Tras el desgarradero de vestimentas en torno al “affaire Cassez”, tal parecería que el asunto quedó ahí, conclusión justa o injusta de un sistema podrido en el que, escoja usted, amable lector, o los culpables salen libres o los inocentes son encarcelados…
Pero lamentablemente ese episodio y la equívoca acción de los organos de procuración de justicia no es la excepción, sino más bien la norma. Para donde volteemos a ver, hay casos de crímenes execrables en los que los culpables no aparecen o lo hacen demasiado rapido: increíble pensar que sólo la presión medíatica o ciudadana baste para que las policías mexicanas atrapen a los verdaderos responsables. Y, por el contrario, muchos presuntos culpables alegan su inocencia bajo el argumento de que son chivos expiatorios. ¿A quién creerle?
Qué fácil sería presumir, en el sentido de la presunción, que la mayoría de los detenidos por la justicia son verdaderamente criminales, o que lo son en aquellos delitos de los que se les acusa. Escandaloso, pero igualmente fácil, sería adivinar que la gran mayoría son en realidad inocentes, y que están ahí ya por capricho, por accidente, por ineficiencia o corrupción o lo que usted guste o mande. Pero no: lo peor de todo es que ni siquiera hay manera de estimar siquiera la proporción de los detenidos injustamente o de los inexcusablemente libres.

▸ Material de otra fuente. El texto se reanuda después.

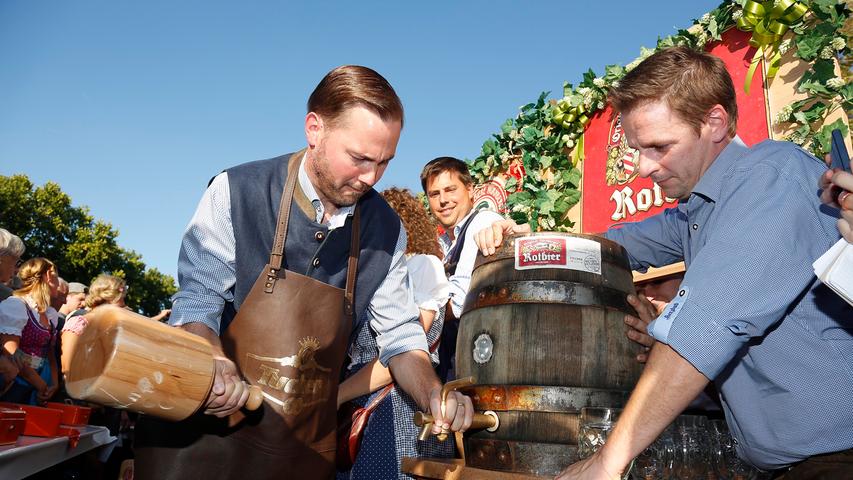 Bierköniginnen und Promis: Altstadtfest Nürnberg ist eröffnet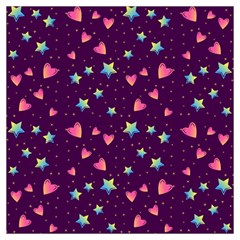 Colorful-stars-hearts-seamless-vector-pattern Lightweight Scarf  by Salman4z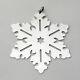 Snowflake Christmas Ornament James Avery Sterling Silver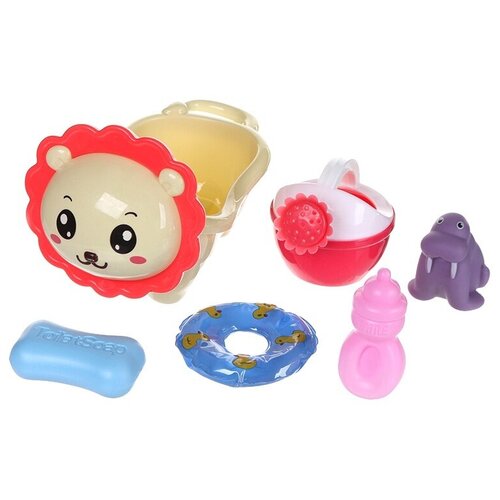 фото Набор игрушек крошка я ванночка-львенок 4567375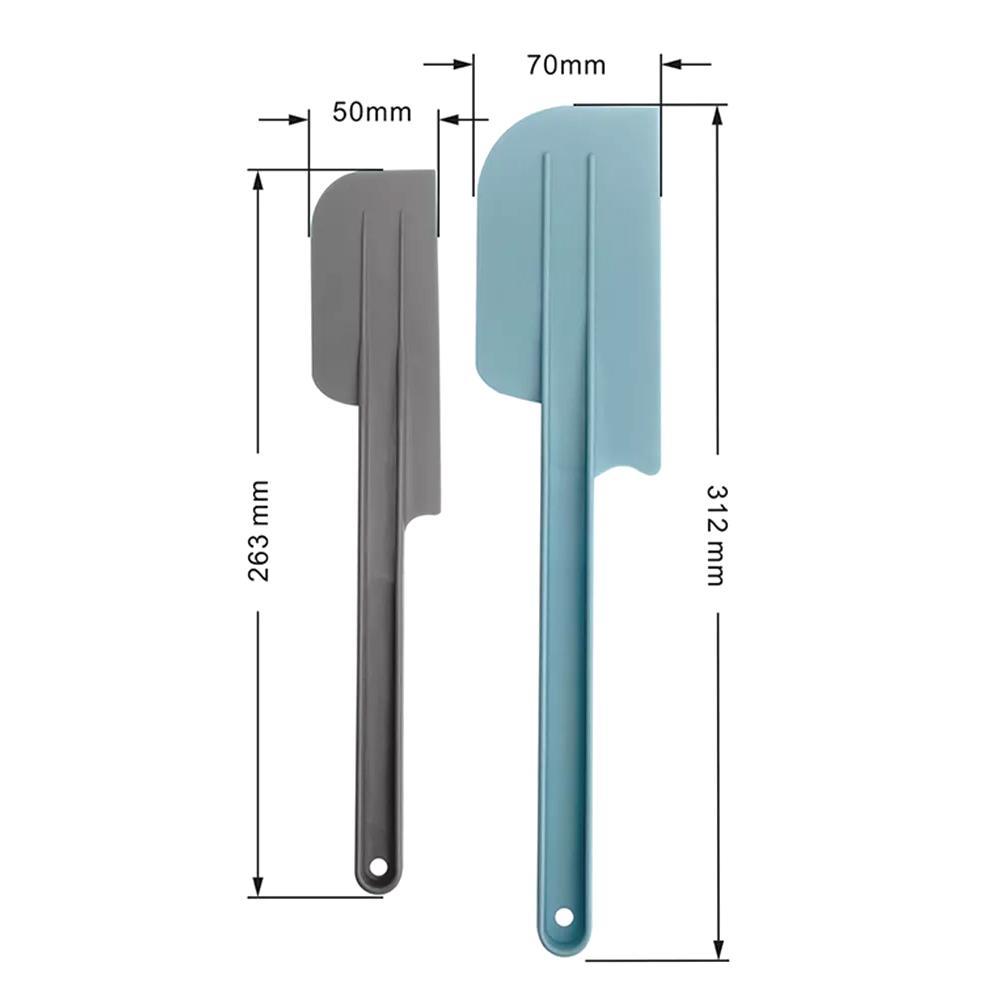 2Pcs Set Plastic Spatula Soft Grip Cream Scraper Cutter Kitchen Gadget Baking Tools for Butter Cake Cream Pastry 10inch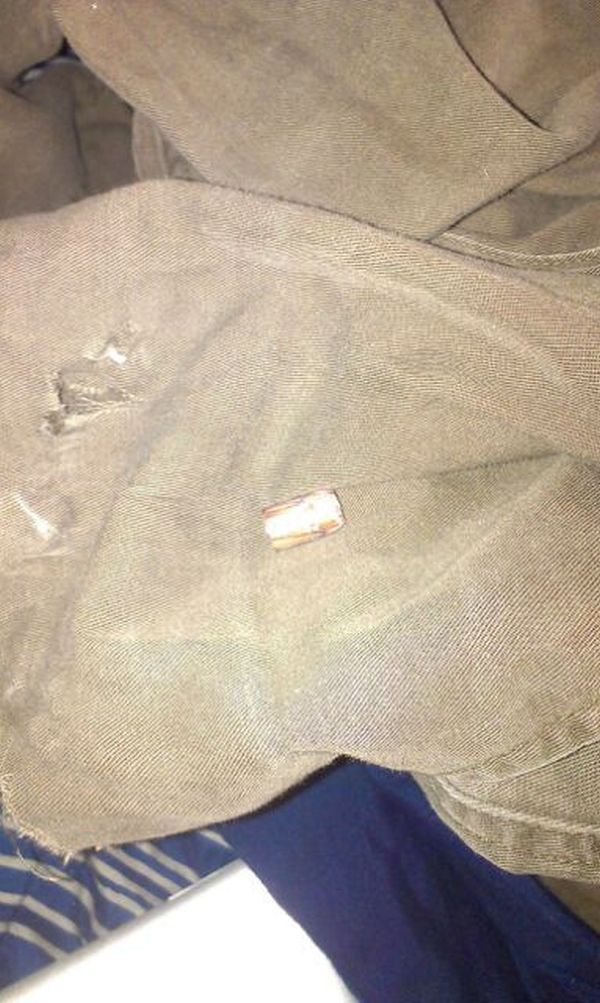 Bullet Goes Straight Through The Bedroom Wall (6 pics)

Casi 90% de los crímenes en México no llega a sus últimas consecuencias en nuestro intricado sistema de procuración de justicia, y de esos sólo uno de cada 10 concluye con castigo a los supuestos responsables. Eso quiere decir que el Estado de derecho mexicano tiene un indice de efectividad de1%, inferior incluso a la capacidad goleadora de la selección nacional de fútbol, lo cual ya es decir… Y lo peor del caso es que los encarcelados pueden o no ser culpables de los delitos de los que se les acusa.
Yo no soy abogado ni tengo mayores conocimientos de derecho, lo cual probablemente me resta toda autoridad para opinar sobre la materia, pero tal vez, sólo tal vez, sea eso mismo lo que me permite ver un aspecto que nada tiene qué ver ni con las leyes ni con las teorías jurídicas: el de las prácticas y las normas de convivencia cotidianas en nuestro país.
Parte fundamental del problema radica en que los mexicanos estamos acostumbrados a no obedecer la ley, a no seguir las reglas. El que lo hace es visto como lento, como poco aventajado. Un poco por costumbre, por envidia, un mucho por comodidad, en vez de denunciar encubrimos, arropamos, acogemos a los tramposos en vez de denunciarlos, de confrontarlos, de excluirlos. Las sociedades antiguas y las del medioevo tenían diferentes formas de lidiar con las conductas socialmente inaceptables. En aquellas en las que el dominio sólo era el del más fuerte, las reglas se seguían para no contrariarlo, aunque por supuesto dichas reglas eran las del más fuerte. Sólo era posible prosperar con su venia, y esa se conseguía con mentiras, sobornos, trampas y complacencias. Con el paso del tiempo esas fueron las sociedades que tendieron a ser como la nuestra, enfocadas al poderoso y no al ciudadano.
Otras permitieron el crecimiento de sus comunidades, la descentralización del poder, el surgimiento de otros liderazgos distintos a los del gobierno, y la creación de polos sociales hacia los que la gente gravitaba porque le eran más útiles que los del mismo poder central. Esas sociedades hicieron de la inclusión o de la exclusión una útil herramienta de premio y de castigo para aquellos que seguían o violaban las normas de convivencia aceptables.
En el México moderno no hay esfuerzo de mejora del sistema judicial o de procuración de justicia viable mientras los ciudadanos nos comportemos como vasallos, como complices de los poderosos o los delincuentes, mientras pensemos que las reglas aplican para todos menos para nosotros mismos, mientras excusemos las conductas de amigos y vilipendiemos las de nuestros adversarios. La ley y la justicia no aparecen por arte de magia. Es enorme la responsabilidad del Estado y del gobierno, o de los gobiernos, pero también lo es de los ciudadanos, de los padres y madres de familia, de las comunidades en que vivimos. Sólo asumiendo la parte que nos toca podremos aspirar a vivir en un país menos injusto y disparejo.